# WooHoo finally got my dream car!!!



## MakiGTP (Oct 24, 2003)

i know yall prolly dont care but i just wanted to say i finally got my dream car. i bought a 93 240sx SE in MINT (yes mint) condition for only 3k. im lovin it. now all i need is my rb25 (after complete suspension overhaul). lol plz dont think im part of the "i wanna drift" phase. ive been dreamin of this car for well over 2 yrs. but i had to hold my self over so i got a 98 grand prix GTP. love the oodles of torque. i mean cmon a s/c v6 pushing 300hp and 340tq. in a family sedan. great sleeper. (no it wasnt stock) still have it but im builin the 240 now woohoo


----------



## nismo18 (Jan 9, 2003)

Thats kool man. Yea I just got mine this weekend for 500 plus a safc. 
The car has no motor or transmission but I dont need it anyway.
Its a 90 240sx.
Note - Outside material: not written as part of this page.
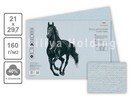 Бумага для пастели ф210*297, 160г/м2, "Palazzo.Bluemarine" (голубой), Госзнак БРBm/А4
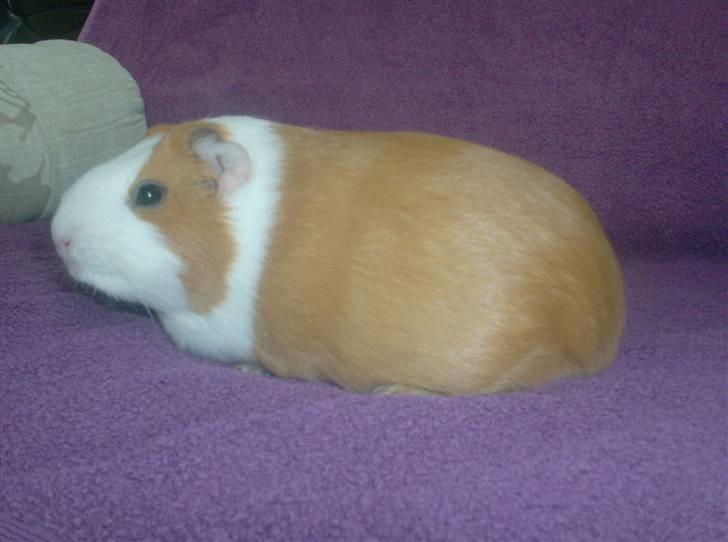 Marsvin **Johar** billede 2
Now Im just gonna start saving up for the motor.


----------



## MakiGTP (Oct 24, 2003)

lol yeah i know how that goes. always need more money


----------



## drift240sxdragqueen (Oct 23, 2002)

lol ur dream car is a 240sx? wow kindof crappy dream...


----------



## 180SX-X (Sep 21, 2003)

i got my dream car, and atleast its a real sports car(check it in my sig). n e wayz, nice nice, but y get an RB25...


----------



## MakiGTP (Oct 24, 2003)

Y not? rb25 is a good motor, is it not. puts out decent power right? and yes a 240 is one of my dream cars. i have a habit of not have any dream cars that i cant possibly have one day. even though i like the (brain dead so i spell sruff wrong) ferrari marranello i dont call it a dream car cuz i xcant ever have it.


----------



## drift240sxdragqueen (Oct 23, 2002)

tru that Ferrari is a bad ass machine and looks so nice... too bad it cost so much


----------



## vsp3c (May 15, 2003)

i'd rather buy a porsche gt2


----------



## drift240sxdragqueen (Oct 23, 2002)

porsche... isn't that wut old people drive when they retire?


----------



## MakiGTP (Oct 24, 2003)

Them or little rich girls.


----------



## drift240sxdragqueen (Oct 23, 2002)

u trying to tell us somethign jeong  

jeong>>>> :fluffy: ????


----------



## Kelso (Apr 29, 2003)

no no. porsches are great, old people drive caddies, lincolns, mercurys...trust me....i gotta deal with the old fuckers everyday at the car wash.


----------



## EdSxS13 (Sep 18, 2003)

Well right now I want a damn coupe s13, but The GT2 is my dream car in metalic silver gunmetal looking color someday ill have that or my damn coupe


----------